I have come to believe that diet plays an extraordinary role in the direction a disease takes and how quickly it progresses. Yet one so-called expert contradicts the next. Eat free range beef and chicken. Do not eat any red meat. Take fish oil supplements. Fish oil supplements are a waste of time and money. And I am supposed to adjudicate this disagreement for myself?
Common sense is your ally in situations like this. I have, in fact, stopped eating red meat and even chicken. There is no way animal fat is anything but bad for humans. I have cholesterol issues, so this decision seemed to be a no brainer. Besides, there is something repugnant about eating a creature that is supposed to running around. “Animals are my friends,” George Bernard Shaw wrote, “and I don’t eat my friends.”
I try to stay away from dairy products, which many nutritionists have declared a no-no. I do not drink milk, though a little bit on cereal does find its way down my throat from time to time. Then there is the shot of half and half in my one cup of coffee each day. Of course a yogurt makes a mighty good modest lunch. Oh, yes. There is that frozen yogurt once in a while.

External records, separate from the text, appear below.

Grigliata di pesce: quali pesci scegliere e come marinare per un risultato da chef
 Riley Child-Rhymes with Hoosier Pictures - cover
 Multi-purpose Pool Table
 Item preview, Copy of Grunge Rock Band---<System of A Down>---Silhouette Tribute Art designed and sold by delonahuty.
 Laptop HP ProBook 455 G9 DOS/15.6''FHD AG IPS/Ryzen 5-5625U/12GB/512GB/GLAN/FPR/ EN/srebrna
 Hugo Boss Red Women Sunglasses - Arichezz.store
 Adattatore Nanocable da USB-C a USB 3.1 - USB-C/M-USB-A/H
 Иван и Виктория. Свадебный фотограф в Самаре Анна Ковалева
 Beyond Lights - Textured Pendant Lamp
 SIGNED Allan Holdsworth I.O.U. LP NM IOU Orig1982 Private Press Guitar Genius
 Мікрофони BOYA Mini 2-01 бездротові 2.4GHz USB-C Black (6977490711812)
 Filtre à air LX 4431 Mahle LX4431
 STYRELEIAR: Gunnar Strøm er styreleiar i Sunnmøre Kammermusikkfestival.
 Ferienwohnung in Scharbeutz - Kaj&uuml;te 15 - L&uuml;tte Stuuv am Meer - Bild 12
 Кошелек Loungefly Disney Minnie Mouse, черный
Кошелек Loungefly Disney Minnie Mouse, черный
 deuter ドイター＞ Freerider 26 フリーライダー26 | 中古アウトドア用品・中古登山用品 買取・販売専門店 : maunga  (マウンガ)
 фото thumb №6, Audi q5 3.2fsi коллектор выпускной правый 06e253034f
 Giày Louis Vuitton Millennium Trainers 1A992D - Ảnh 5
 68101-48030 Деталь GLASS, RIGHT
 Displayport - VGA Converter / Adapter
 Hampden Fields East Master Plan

Did I say I am staying away from dairy? I do think my intake is modest, especially compared to what it used to be. I believe in moderation more than absolutes. This is not a religion, at least for me. Of course, there are those who worship at the dairy-free alter.
The tough task is to give up glutens, or even understand what they are.
“The mixture of proteins found in wheat grains, which are not soluble in water,”
according to one dictionary. “Any of the prolamins found in cereal grains,
especially the prolamins in wheat, rye, barley, and possibly oats, that cause
digestive disorders.” Huh?
In other words, everything you like. Examples: breads, rolls, muffins, cookies, biscuits, . muffins, donuts, cakes, pastry, pizza, pasta, pancakes. Get the picture? That is just the beginning. This is not so radical, but the plan is hard to implement, unless you want to be an air-eating fanatic who never gets invited anywhere for dinner.
There are quality of life considerations in any decision we make about what we will eat. Nobody wants to deprive themselves of all fun foods. On the other hand, for many of us who know chronic illness, there is a price tag for good health. I have told Meredith on many bad days that I would eat cardboard if I could feel better. If we are what we eat, many of us have a big job on our hands.